Doch jedem, der die USA kennt, wird schnell klar, dass das meiste Wissenswerte öffentlich verfügbar ist. Amerikaner, inklusive Staatsbediensteten, lieben es, über das, was sie denken, zu reden und zu schreiben. Es ist Teil des "Geschichten-Erzählens", die Basis unserer Kultur. Und heute leben derart viele russische Immigranten in den USA, dass es wirklich nicht notwendig ist, eine amerikanische Identität anzunehmen. Atomgeheimnisse dürften wohl immer noch am besten von Spionen gesammelt werden. Aber alles andere? Man versuche es im Internet oder verfolge Twitter.

Ich kann nicht umhin, die Ironie der Situation zu bemerken, auch die offenen Fragen bezüglich der Zukunft Russlands. Da hat jemand in Moskau Millionen Rubel ausgegeben, um Informationen sammeln zu lassen, die im Internet oder in Veröffentlichungen frei zugänglich sind.

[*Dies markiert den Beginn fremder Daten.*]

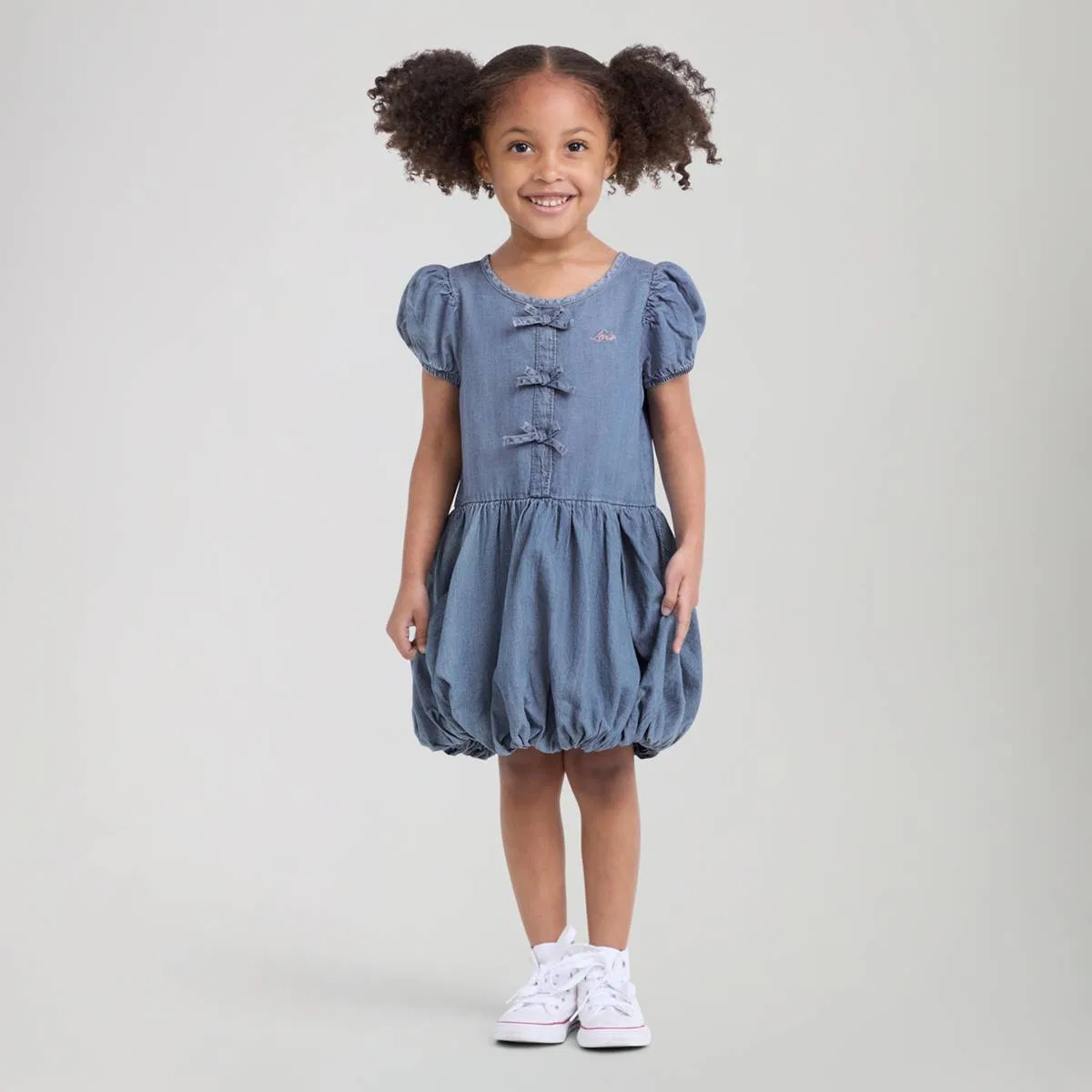 Платье-Пузырь для девочек 2-4 лет Levi's, It'S All Fun - Medium Wash — фото 2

Und sie taten dies, während Präsident Medwedew sich gerade im Silicon Valley aufhielt, um zu lernen, wie Russland vom amerikanischen Erfolg auf dem Gebiet der Informationstechnologie profitieren könne. Um vollständig Zugang zu den weltweiten Informationsnetzwerken zu erhalten, müsste Russland zunächst die Tradition jener geschlossenen Zirkel durchbrechen, für die Information Macht bedeutet.

In der modernen Welt besteht die wahre Quelle von Einfluss in der Fähigkeit, innerhalb der offenen Informations-Märkte zu operieren - nicht darin, jedes Detail zu kontrollieren.

Vielleicht wäre der beste Weg, mit dem russischen Spionage-Netzwerk zu verfahren, gewesen, ihnen Marketing-Pläne von Google und Microsoft zu übergeben - mit dem Aufdruck "Vertraulich". Dies hätte den Berichten in Moskau Glaubwürdigkeit verschafft - und den Russen geholfen, den Wert von Offenheit zu lernen. Immerhin ist einer der Gründer von Google, Sergej Brin, selbst Einwanderer aus Russland.